Dedicated to Gianluca and Marco, great fooballers and………..students. Wish you all the best.

Wordsworth and football

 

I have to confess that this post has been inspired  by the triumph of my football team just yesterday and by the “spontaneous overflow of powerful feelings” that I felt when my heroes scored three amazing goals that marked the success of S.S.Lazio. Yes It was powerful. So  I can’t help but wonder how Kloseooopsss,close ,I mean, football is to some ideas that Wordsworth developed in the Preface to the Lyrical Ballads. I know that It could sound blasphemous, but try to follow me. What is imagination? In simple words it is that degree of sensibility that allows you to turn whatever is ordinary into extraordinary. The consequent emotion is “powerful”, because unexpected. I’m sure that Wordsworth had chosen nature as source of emotion, because he didn’t actually know what football was. If we look at football with “ordinary”eyes , it is only a game about 22 adult males following a ball for at least one hour and a half. So,what makes it so extraordinary? Why today I feel totally ecstatic and why many others – many among my beloved students I guess – are bitterly disappointed?
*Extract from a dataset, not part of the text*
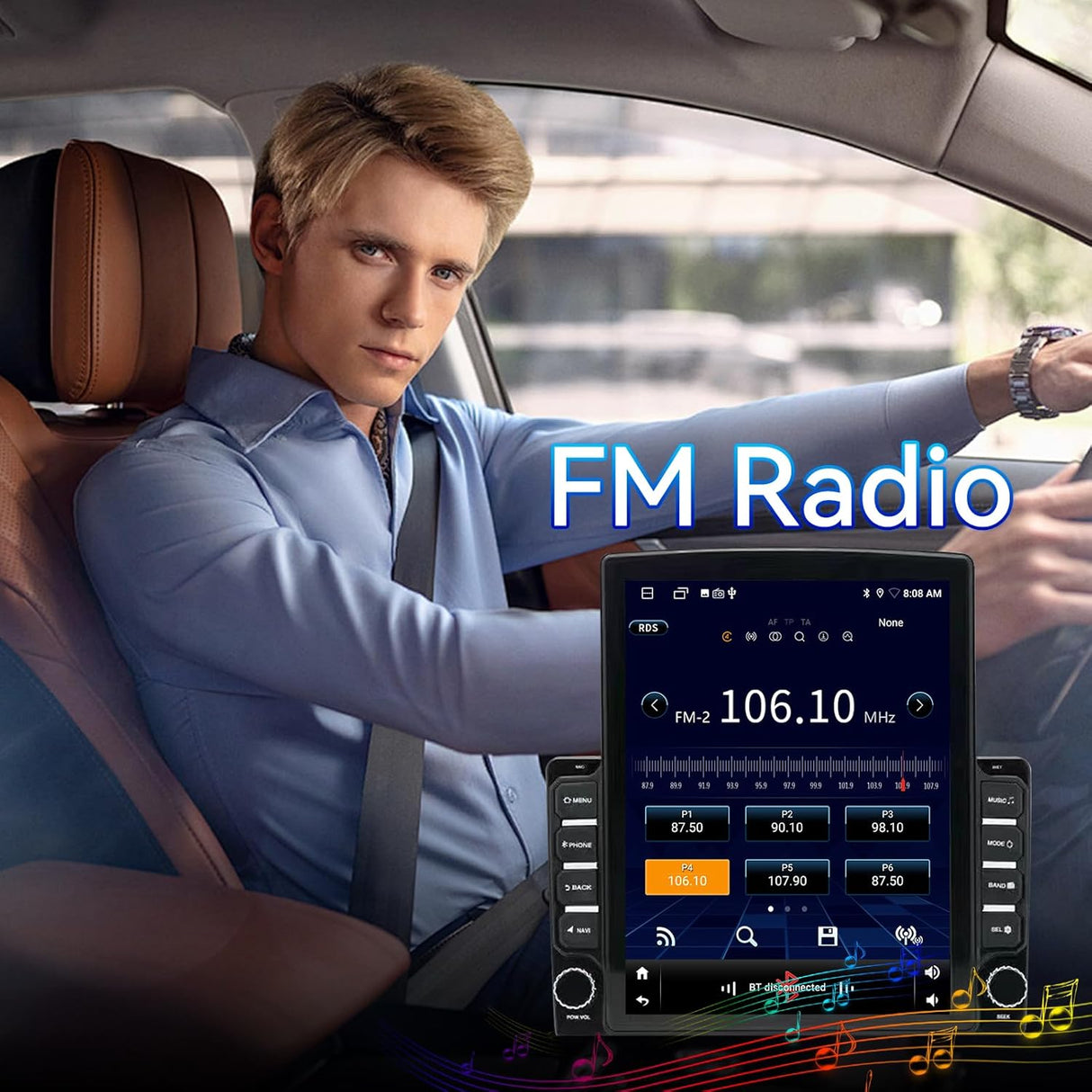 Car Radio Stereo for Dodge RAM 1500 2500 3500 2009-2012 Jeep Wrangler JK 2007-2016, with Wireless CarPlay Android Auto WiFi Bluetooth GPS Backup Camera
Probably because football somehow succeeds in keeping us in that “state of innocence and wonder” typical of children, that is , when our  mind is more responsive to feelings. So we are more open to joy or sufferance.  Furthermore every action of the game acquires an “extraordinary” meaning because the supporter not only shares his emotions with a multitude  people  but also  in that action,  goal or  penalty  he is the proud witness of a meaningful moment in the history of the club. That history is lived again and discussed every hour of every day on local radios, so thanks to this act of constant memory “our heart with pleasure fills and dances with……..”  uhmm, I can’t find an appropriate rhyme, but I’ m sure you will understand me,  won’t you?